Betty H.C. Cheng is a professor in the Department of Computer Science and Engineering at Michigan State University. Her research interests include self-adaptive systems, requirements engineering, model-driven engineering, automated software engineering, and harnessing evolutionary computation to address software engineering problems.
These research areas are used to support the development of high-assurance adaptive systems that must continuously deliver acceptable behavior, even in the face of environmental and system uncertainty. Example applications include intelligent transportation and vehicle systems. She collaborates extensively with industrial partners in her research projects in order to ensure real-world relevance of her research and to facilitate technology exchange between academia and industry.
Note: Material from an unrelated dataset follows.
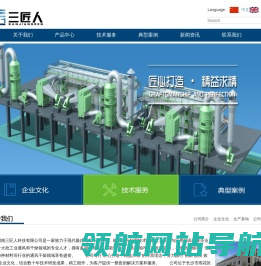 湖南三匠人科技有限公司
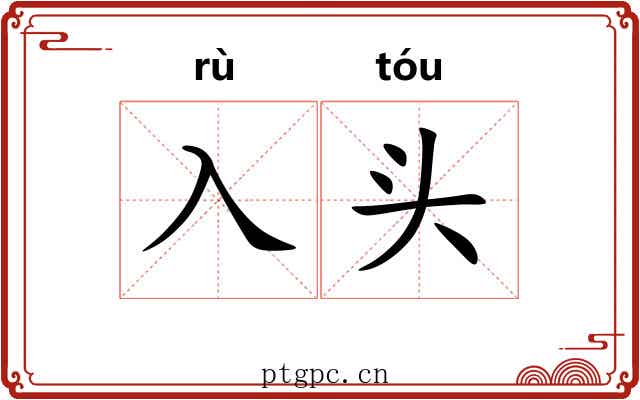 入头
Previously, Cheng was awarded a NASA/JPL Faculty Fellowship to investigate the use of new software engineering techniques for a portion of the shuttle software. She works extensively with industrial collaborators, including one sabbatical working with the Motorola Software Labs investigating automated analysis techniques of specifications of telecommunication systems.
Cheng was awarded an international faculty scholarship to explore research techniques for specifying and managing uncertainty in high-assurance systems. She is currently on sabbatical, launching new projects in the area of model-driven approaches to sustainability, cybersecurity for automotive systems, and feature interaction detection and mitigation for autonomic systems, all in the context of operating under uncertainty while maintaining assurance objectives.
Her research has been funded by several federal funding agencies, including NSF, ONR, DARPA, NASA, AFRL, ARO, and numerous industrial organizations. She is an Associate Editor-in-Chief for IEEE Transactions on Software Engineering, having previously served two terms on the editorial board. She also serves on the editorial boards for Requirements Engineering Journal and Software and Systems Modeling.
Cheng was the Technical Program Co-Chair for IEEE International Conference on Software Engineering (ICSE-2013), the premier and flagship conference for software engineering.
She received her BS from Northwestern University and her MS and PhD from the University of Illinois-Urbana Champaign, all in computer science.